São Paulo – Tunisia has access to 48.3% of the needed annual climate financing. Egypt has 35.8% of the funding. Compared to other North African countries, they have more significant financing flows for climate growth, according to a report released by the African Development Bank (AFDB), TAP state news agency said.
North Africa needs USD280 billion between 2020 and 2030 to support its transition towards a low-carbon and climate resilient economy. Pictured, plastic waste collected from the Nile River in Egypt, as part of an event to raise awareness on pollution.
The report mentions disparities between the region’s countries: Tunisia with 48.3% of the needed annual funding and Mauritania with 2.2% of its needs to meet its Nationally Determined Contributions (NDCs). NDCs are countries’ self-defined national climate pledges under the Paris Agreement.
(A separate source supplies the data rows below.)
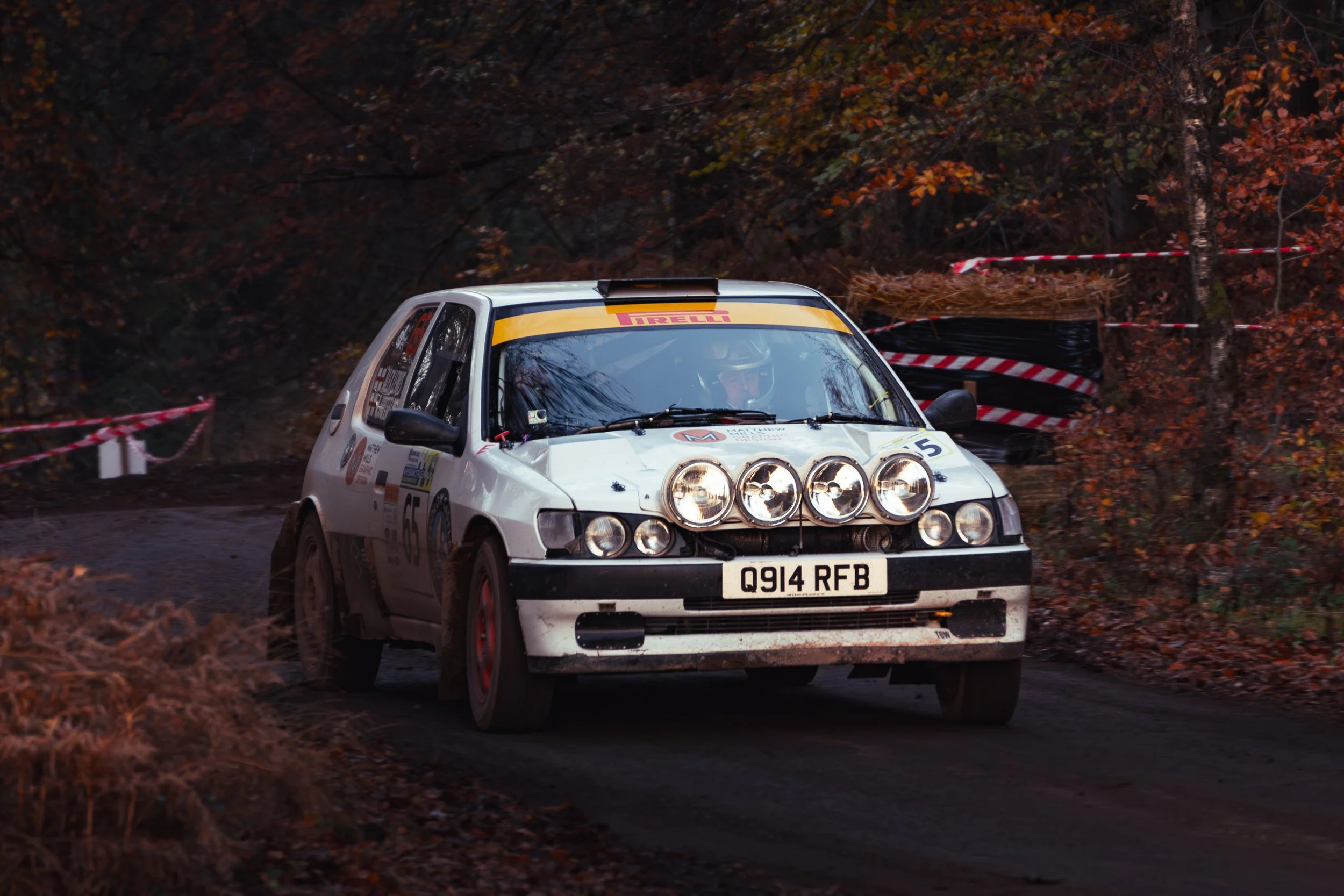 A white rally car with four large front-mounted spotlights and the number 65 on its side, racing on a dirt road through a wooded area with autumn-colored foliage. wye dean rally 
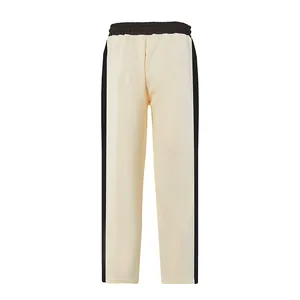 Back view of cream men's loose heavy cotton sweatpants with black side stripes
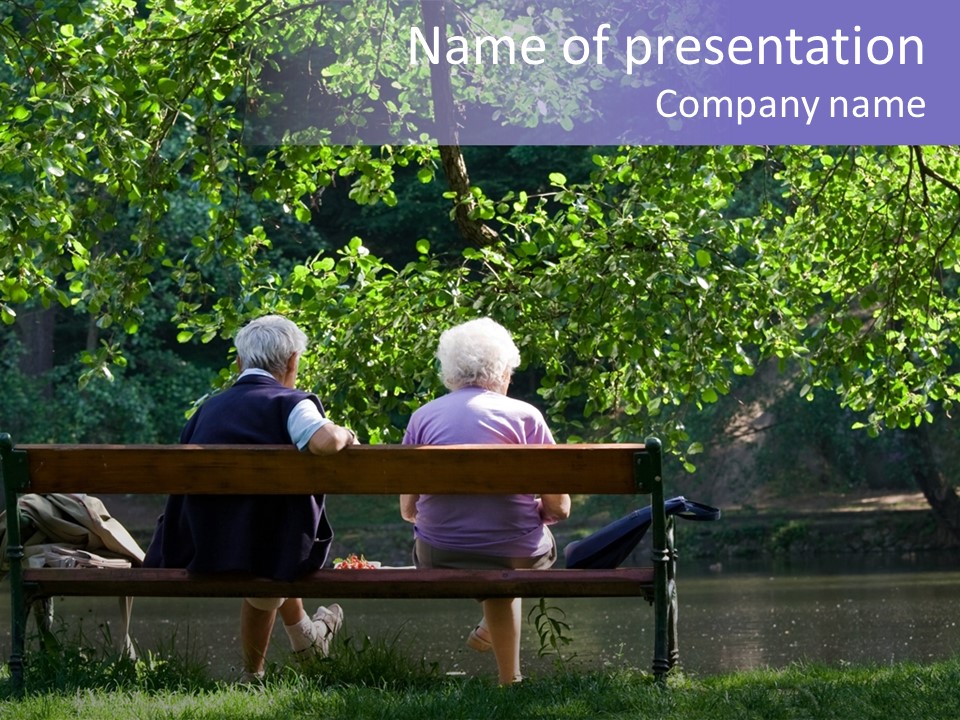 Aged Couple Enjoy Spring Morning On The Bench Near Lake In The Park PowerPoint Template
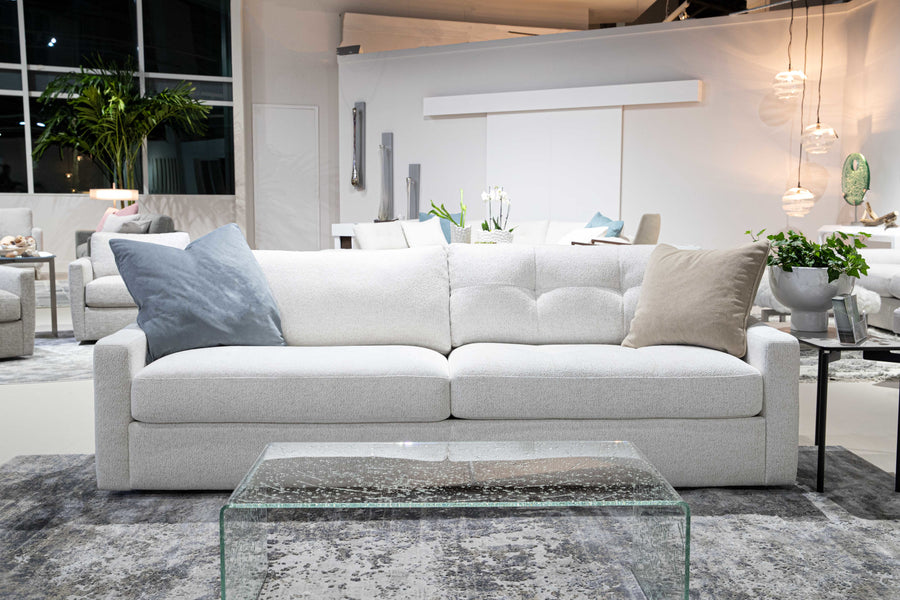 White two seat Doran sofa. placed in a furniture store.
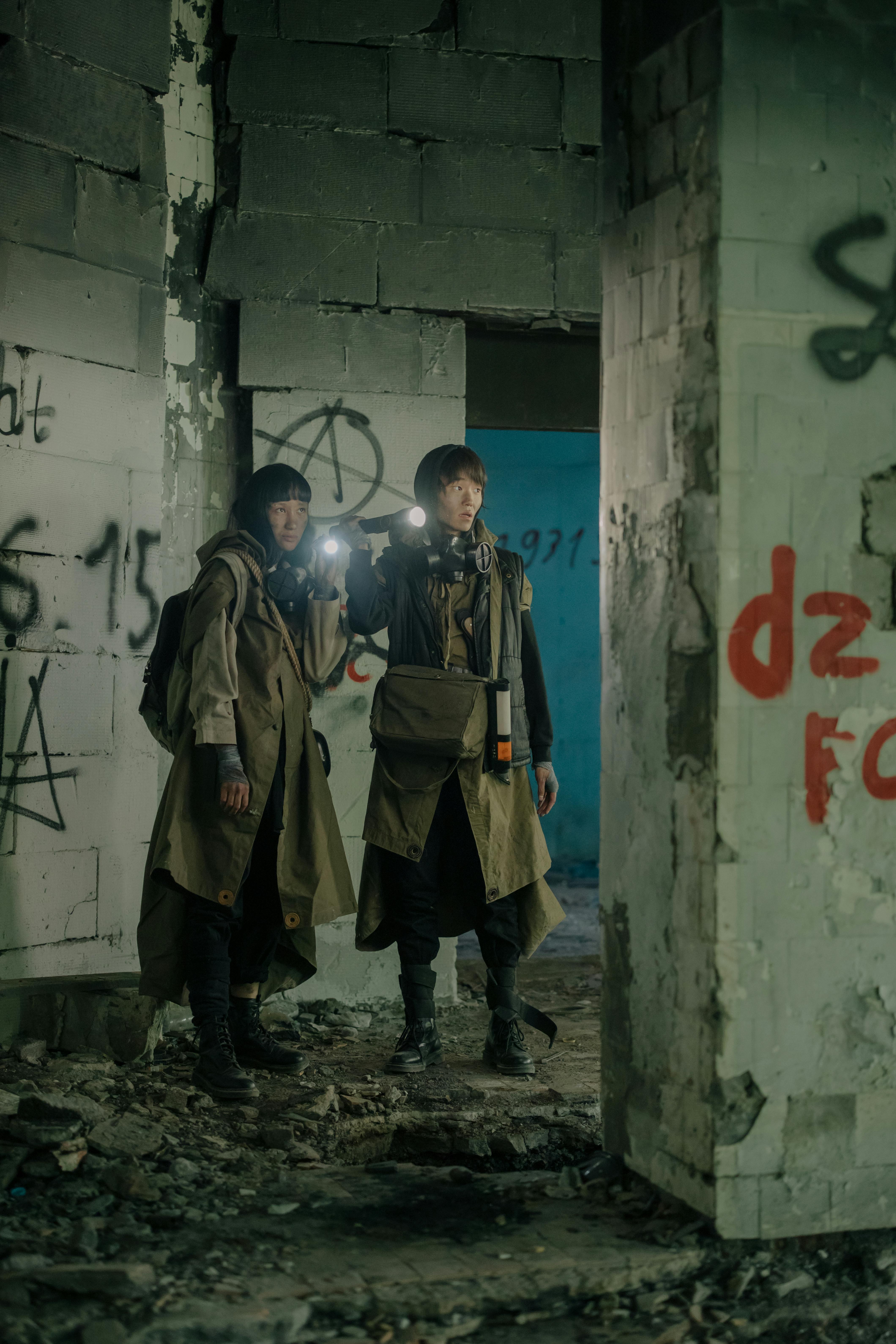 2 men in brown coat standing beside white wall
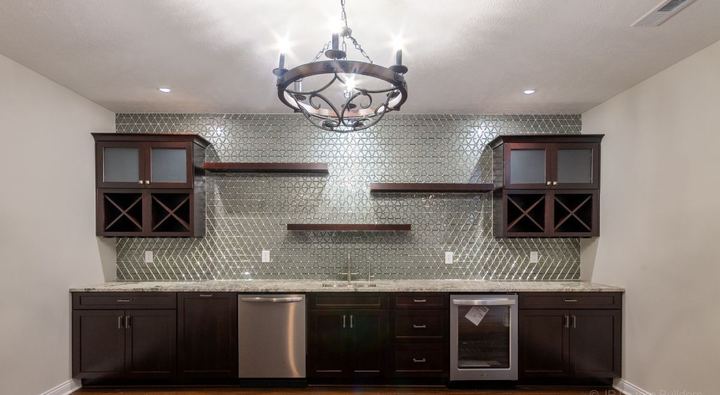 Basement wet bar with full-height glass triangle mosaic backsplash, dark cabinets and hardwood floor in Avon, IN
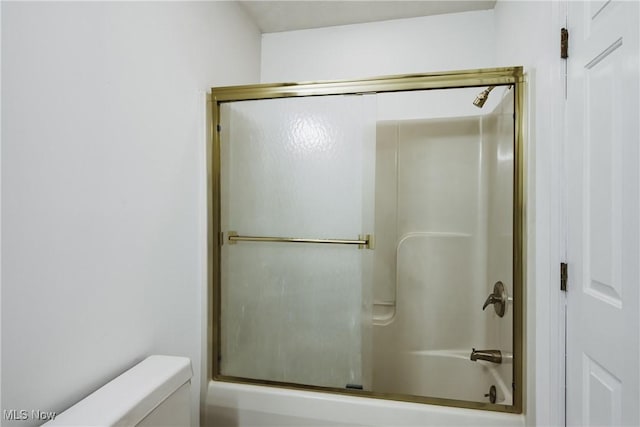 full bathroom featuring enclosed tub / shower combo and toilet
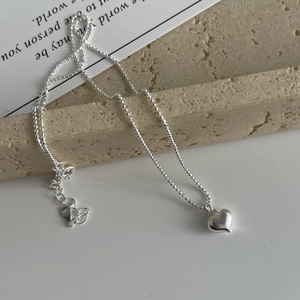 Détail macro du collier cœur en argent sterling S925 avec poinçon et chaîne à billes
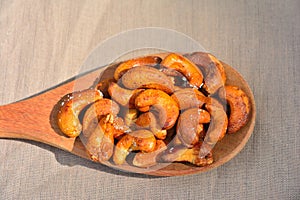 Cashew on wooden feed is sacked background.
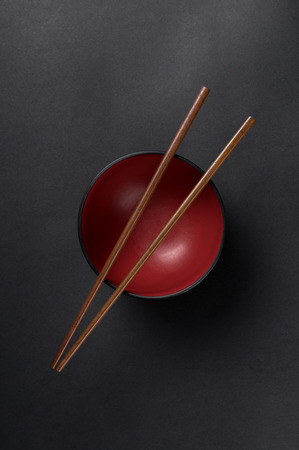 Chopsticks on Top of a Chinese Rice Bowl Dishの写真素材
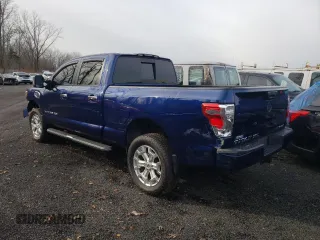 2017 Nissan Titan XD PRO-4X with VIN 1N6AA1F43HN504281, listed as a Copart auction lot 82169004 with 76,811 mi miles and Salvage Title. Bid and sale history available at carsss.com. Image 2.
A gap is likewise seen between absolute needs of these countries and actual financing flows. Except for Libya, the public sector and bilateral donors are the main sources of climate financing in North Africa, that is about 80% of total flows, AFDB highlighted.
Priority sectors for climate finance mainly include renewables, transport, agriculture and water management. Financing flows in each country vary by sector, though. Tunisia and Morocco gave priority to investments in renewable energies and energy efficiency while Algeria and Mauritania focused on sustainable agriculture, the bank said.